For the benefit of the Prime Minister, I will read an extract from this letter, in which Mr. Bourassa says: "The Chief Electoral Officer of Quebec has established that the direct cost of the referendum for the Government of Quebec as $47.2

million. That is the basis of our claim for federal compensation, which was transmitted to the federal Minister of Finance by Mr. Gérald-D. Lévesque on May 7, 1993." The letter goes on to say: "Unfortunately, no payment could be made before Mr. Mulroney left." Now for the crucial passage: "although Mr. Mulroney indicated last March that Quebec would be fairly compensated in this respect". How can the Prime Minister deny the existence of an agreement, considering Mr. Bourassa's own very clear testimony which he put down in writing?

1992 ReferendumOral Question Period

2:15 p.m.

Saint-Maurice Québec

Liberal

Jean Chrétien LiberalPrime Minister

Mr. Speaker, Mr. Bourassa and Mr. Gérald-D. Lévesque wrote to the government about this. I am aware of that. The Minister of Finance also discussed the matter with the Minister of Finance of Canada. This is about a request, a claim made by Quebec. It is not a commitment. A commitment exists when the federal government agrees to pay. However, there is no indication in any document that the government agreed to do so. If conversations took place between Mssrs. Mulroney and Bourassa, I would be delighted to know what they were about. I called Mr. Mulroney, who did not give me an answer, but perhaps the Leader of the Opposition, who knows Mr. Mulroney very well, could call him and ask him whether he gave his consent, yes or no.

1992 ReferendumOral Question Period

2:20 p.m.

The Speaker

I would ask hon. members to make their questions and answers as brief as possible.

1992 ReferendumOral Question Period

2:20 p.m.

Lac-Saint-Jean Québec

Bloc

Lucien Bouchard BlocLeader of the Opposition

Mr. Speaker, Robert Bourassa, in the course of his duties as premier and bound by his oath of office, testifies in this letter to the existence of an agreement and a commitment made by his counterpart, the federal Prime Minister. That is the truth.

On September 22 in this House, the Prime Minister challenged the Bloc Quebecois to give him, and I quote: "proof that my predecessor and the previous government made a commitment, and we will gladly pay". Here is the proof. Now, pay.

1992 ReferendumOral Question Period

2:20 p.m.

Saint-Maurice Québec

Liberal

Jean Chrétien LiberalPrime Minister

Mr.

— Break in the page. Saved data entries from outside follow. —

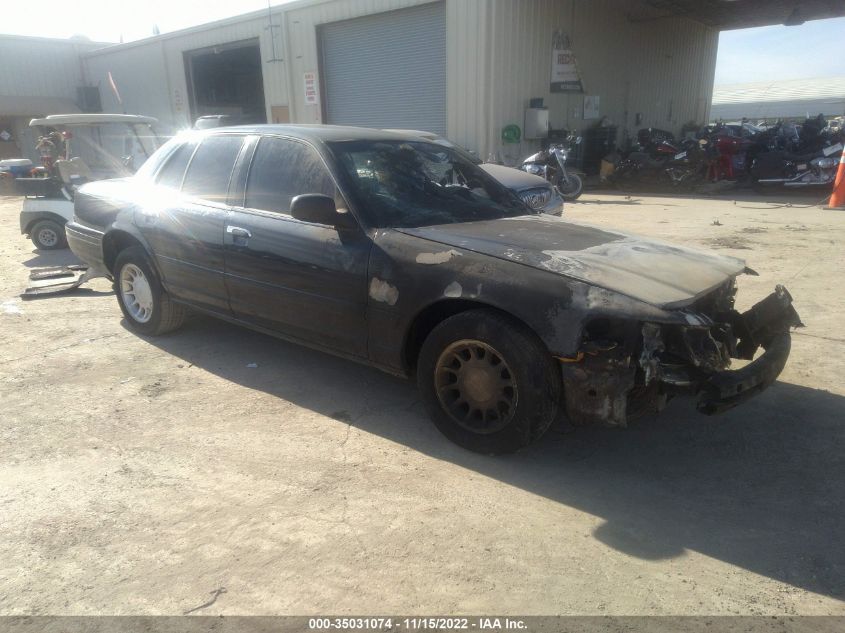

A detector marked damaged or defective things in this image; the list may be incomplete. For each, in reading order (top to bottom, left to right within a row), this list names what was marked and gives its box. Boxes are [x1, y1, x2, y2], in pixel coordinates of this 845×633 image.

damaged sedan [67, 126, 804, 454]
crashed front end [556, 280, 800, 424]
burnt front end [556, 284, 800, 428]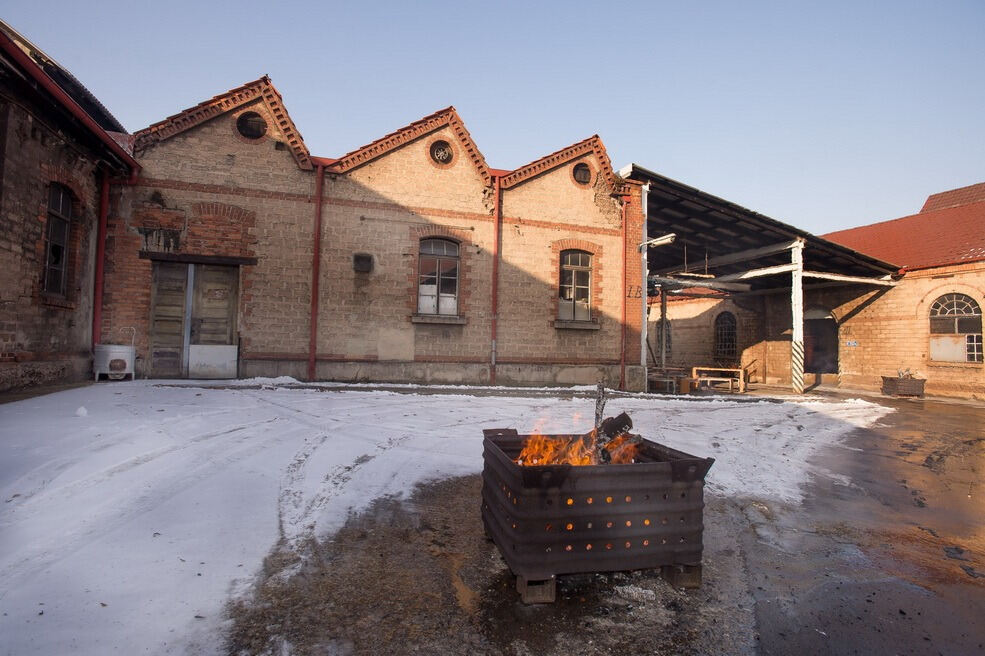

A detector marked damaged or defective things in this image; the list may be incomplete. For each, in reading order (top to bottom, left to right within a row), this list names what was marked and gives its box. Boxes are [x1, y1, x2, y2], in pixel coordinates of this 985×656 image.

rusty metal container [480, 428, 712, 604]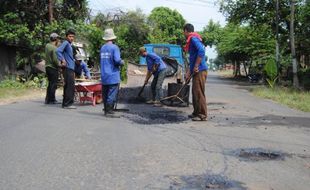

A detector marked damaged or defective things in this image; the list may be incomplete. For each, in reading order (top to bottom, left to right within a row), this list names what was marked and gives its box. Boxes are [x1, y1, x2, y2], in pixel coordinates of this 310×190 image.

pothole [166, 173, 246, 189]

Speaker, I would not advise the Leader of the Opposition to go back to practising law, if he makes statements like that.

He says that Mr. Bourassa said that Mr. Mulroney-whom you know very well, who took you at your word and then you went back on it-told him such and such a thing. I do not doubt that Mr. Bourassa wrote the letter, since I read it. However, I asked the Privy Council to go through all the documentation. Was there anything in writing? Did a discussion take place in cabinet or elsewhere to confirm this letter? I was told that nothing could be found.

I called Mr. Mulroney and I told him: Mr. Mulroney, I am sending you a letter with a request to clarify the situation. He said that he would reply very shortly. I said in the House that if there was a commitment, it would be respected, and if there was no commitment, you can blame Mr. Mulroney.